Higher Income Can Raise Your Medicare Premiums, with a Time Lag

Higher Income Can Raise Your Medicare Premiums, with a Time Lag

Most retirees know that a rising income also raises the amount of one’s Social Security benefits that are counted as taxable income – as much as 85% of one’s benefits can be subject to income tax. But at even higher incomes, Uncle Sam takes another bite from Social Security.

Retirees with modified adjusted gross income (MAGI) over $85,000 ($170,000 if married filing jointly) are subject to increased Medicare Part B premiums. Because those premiums are deducted from Social Security benefits, that’s where the adjustment is felt. It’s based on the most recently filed tax return, so a 2014 return showing excess MAGI will affect the taxpayer’s Social Security benefits during 2016.

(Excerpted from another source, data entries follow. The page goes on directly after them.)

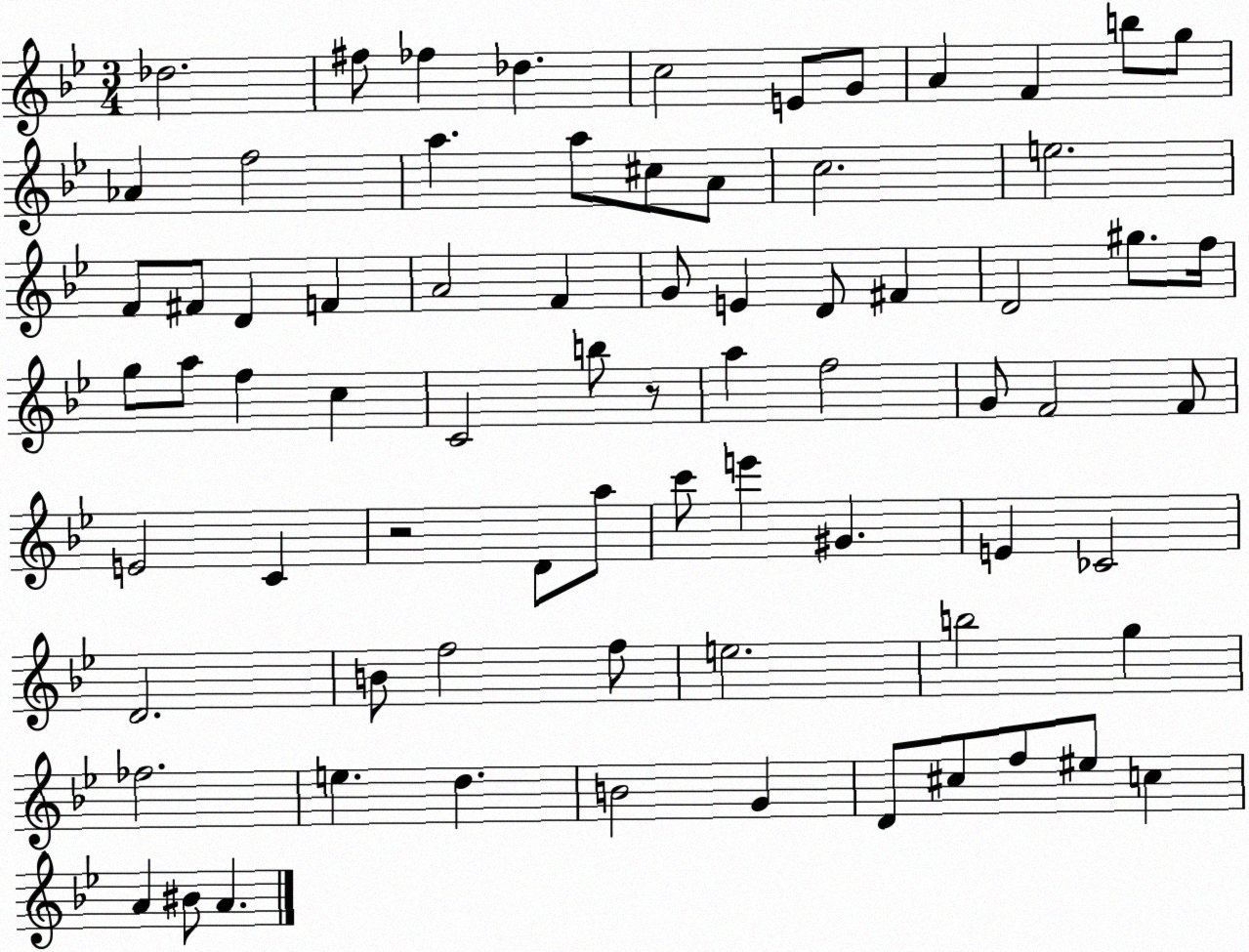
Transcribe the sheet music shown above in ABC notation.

X:1
T:Untitled
M:3/4
L:1/4
K:Bb
_d2 ^f/2 _f _d c2 E/2 G/2 A F b/2 g/2 _A f2 a a/2 ^c/2 A/2 c2 e2 F/2 ^F/2 D F A2 F G/2 E D/2 ^F D2 ^g/2 f/4 g/2 a/2 f c C2 b/2 z/2 a f2 G/2 F2 F/2 E2 C z2 D/2 a/2 c'/2 e' ^G E _C2 D2 B/2 f2 f/2 e2 b2 g _f2 e d B2 G D/2 ^c/2 f/2 ^e/2 c A ^B/2 A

MAGI includes Adjusted Gross Income plus any tax-exempt municipal bond interest. This is also the figure that determines how much of a retiree’s Social Security benefits are taxable. So for many retirees, municipal bonds are not exactly tax-exempt. The sale of a home, business, or appreciated securities also can easily result in smaller Social Security checks a couple years later. 

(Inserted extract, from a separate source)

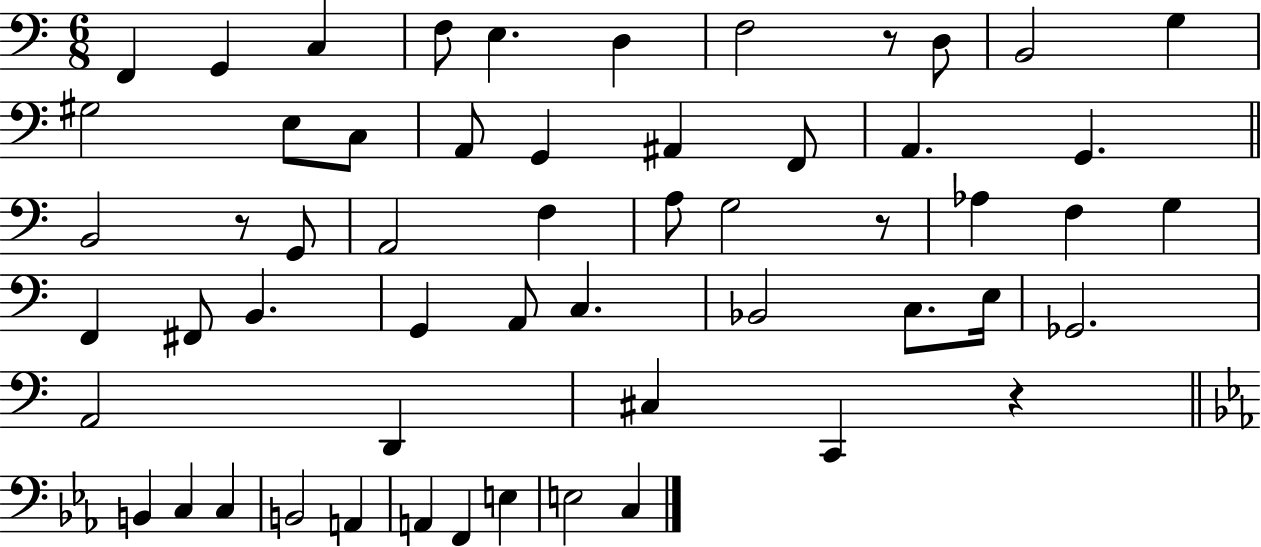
F2/q G2/q C3/q F3/e E3/q. D3/q F3/h R/e D3/e B2/h G3/q G#3/h E3/e C3/e A2/e G2/q A#2/q F2/e A2/q. G2/q. B2/h R/e G2/e A2/h F3/q A3/e G3/h R/e Ab3/q F3/q G3/q F2/q F#2/e B2/q. G2/q A2/e C3/q. Bb2/h C3/e. E3/s Gb2/h. A2/h D2/q C#3/q C2/q R/q B2/q C3/q C3/q B2/h A2/q A2/q F2/q E3/q E3/h C3/q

Most retirees pay $104.90 per month for Medicare Part B, which covers doctor visits and outpatient services. For those whose MAGI exceeds the threshold noted above, there are five levels of premium surcharges, ranging from $42 to $230.80 monthly. Medicare Part D drug plan premiums also are subject to these income-based surcharges, ranging from an extra $12.30 to $70.80 per month. All of the above figures are per person, so the impact on a retired couple can really add up.

One may qualify for a premium adjustment if the following year’s income dropped due to a “life changing event,” such as retirement, marriage, divorce, death of a spouse, or the disposition of an income producing property that was beyond the taxpayer’s control. The voluntary sale of a property does not qualify.

The income brackets that determine Medicare premium surcharges are not adjusted for inflation, so more retirees may find themselves getting clipped for higher premiums year by year. Social Security operates on a sliding scale in several ways. In other words, Uncle giveth, and Uncle taketh away.